Problem description
Could the listing below be reproduced exactly, minus its pictures?

+++ Provided data +++

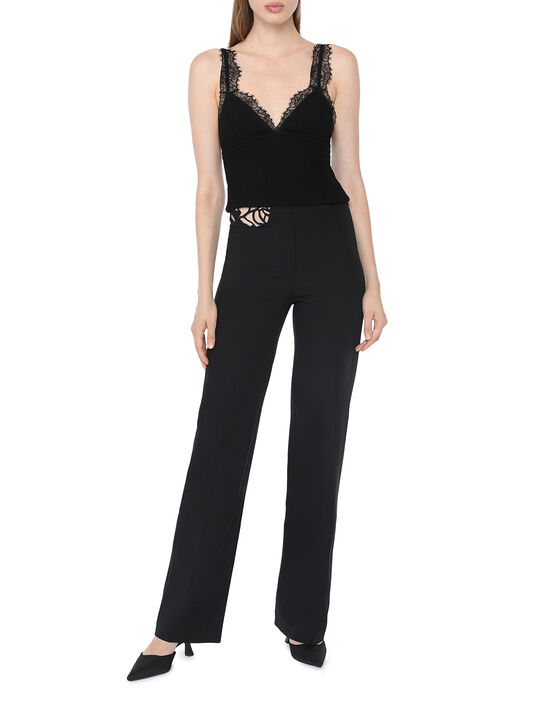 Топ с трикотажными бретелями, черный Blumarine , арт.  | Фото 2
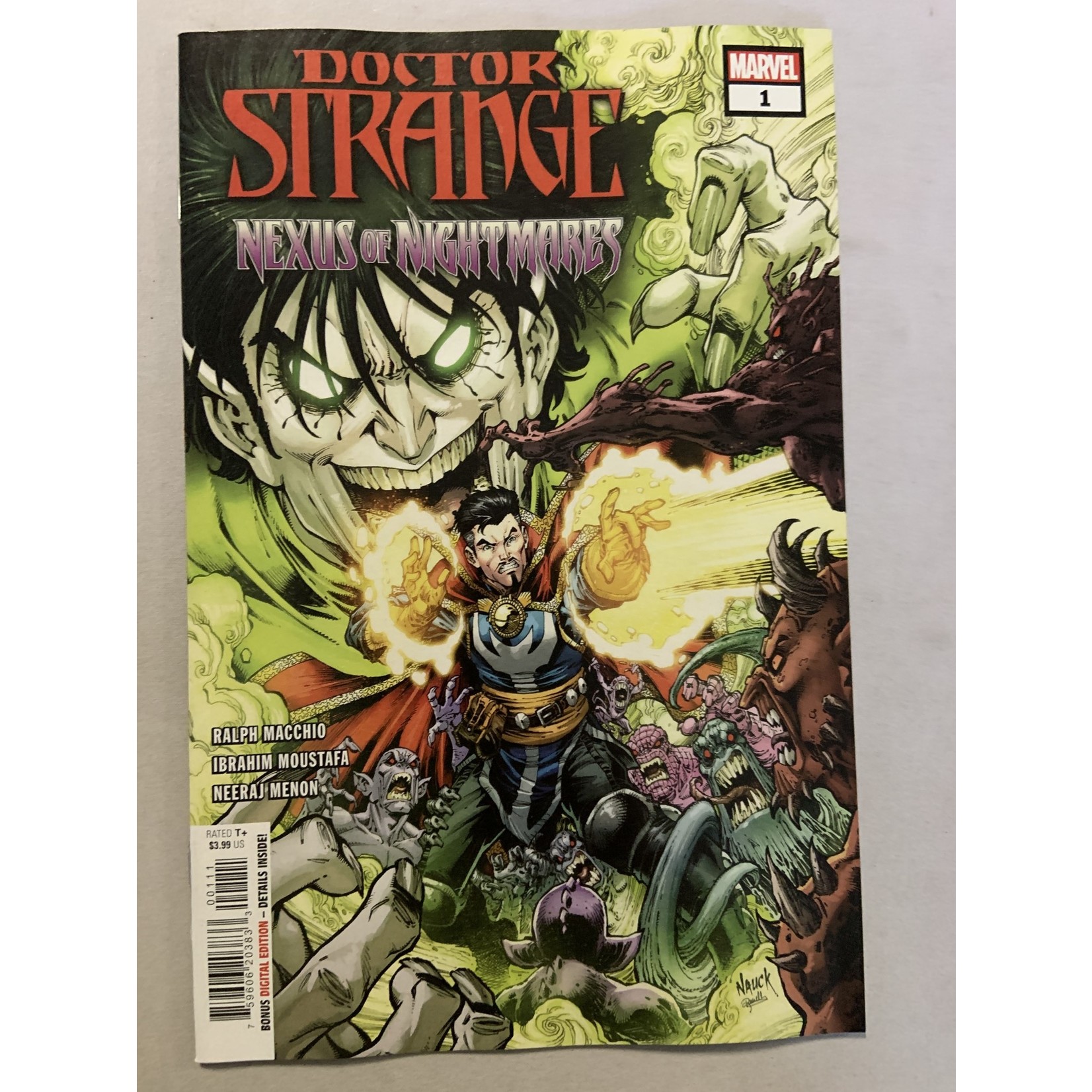 Marvel Comics Doctor Strange: Nexus of Nightmares 2022  #1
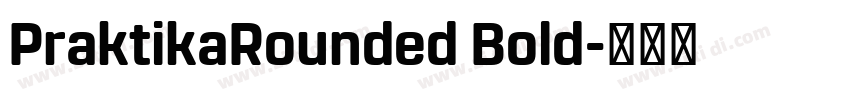 PraktikaRounded Bold字体转换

+++

Exercise solution
 Топ с трикотажными бретелями, черный Blumarine , арт.  | Фото 2
 Marvel Comics Doctor Strange: Nexus of Nightmares 2022  #1
 PraktikaRounded Bold字体转换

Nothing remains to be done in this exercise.